___ SOURCE MATERIAL ___

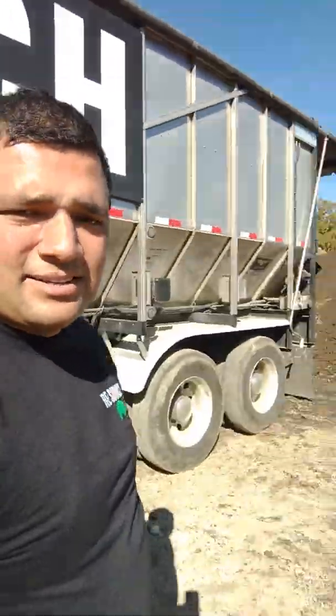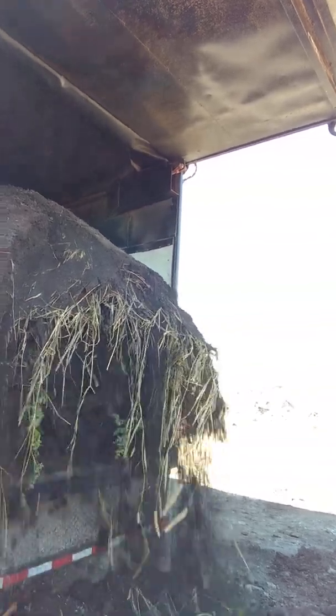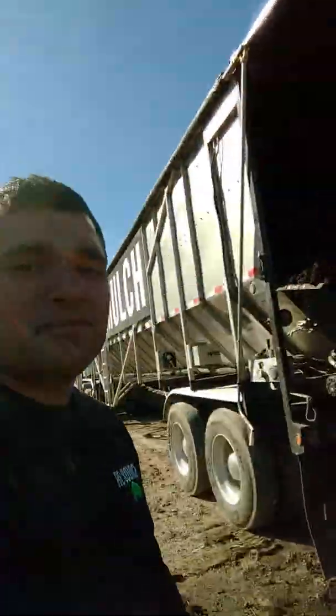Anyway, I'm going to show you guys how to unload some compost dirt. I got a belt floor trailer hooked up to the truck right now. There's all the dirt I brought in — there it goes. That's how she comes out, man. Look at that.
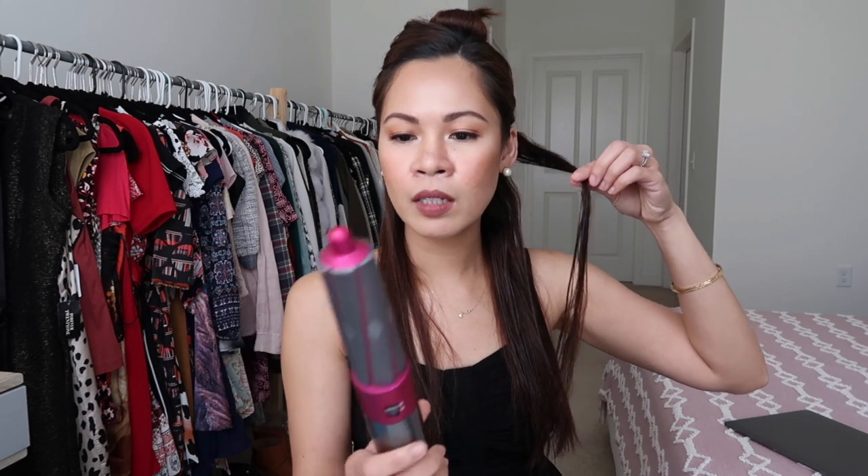So the technique is: hold the hair, let it suction, let it curl, hold, turn it off, release. I'm taking a little piece of my hair, turning it on, letting it go in this direction — and let it stop and suction. Then you turn it off and release. It's pretty amazing. Wow, I love that — let's do it again!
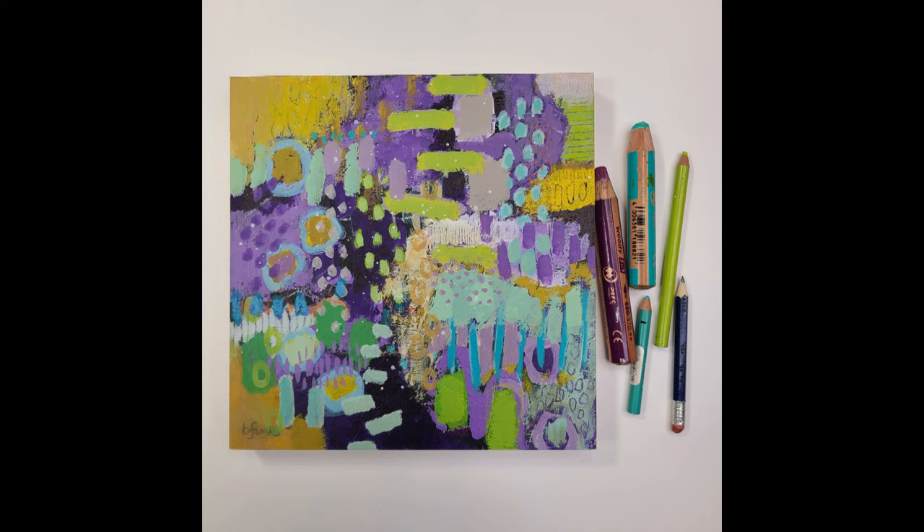Today I'm working on a cradled wood panel. Stick around to the end where I'll show you how to quickly and easily clean up any paint from the sides. Alright, let's get started.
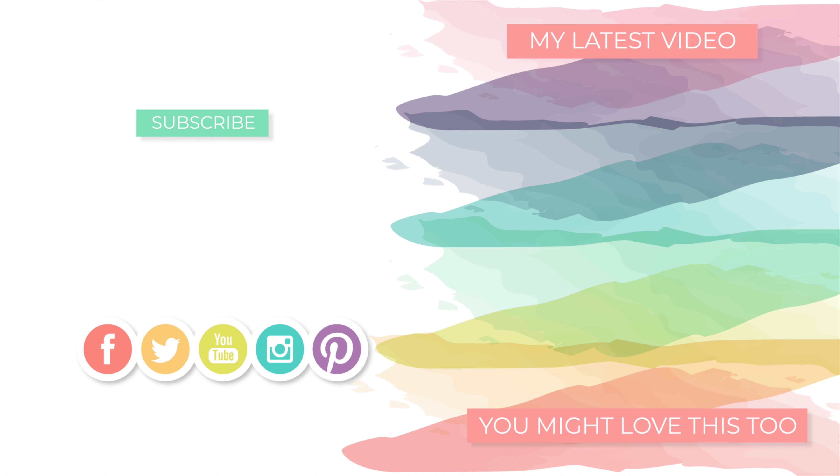Thanks so much for tuning in. I will be back very soon with more Stamptember inspiration for you. But until I see you again, I hope you have a wonderful day. Thank you.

___

* [YOUR INSTRUCTIONS]:
Only the lines from the one with "Today I'm working" to the end of the listing, both ends included, should be retyped exactly; no pictures belong in the copy.

* [ANSWER AREA]:
Today I'm working on a cradled wood panel. Stick around to the end where I'll show you how to quickly and easily clean up any paint from the sides. Alright, let's get started.
Thanks so much for tuning in. I will be back very soon with more Stamptember inspiration for you. But until I see you again, I hope you have a wonderful day. Thank you.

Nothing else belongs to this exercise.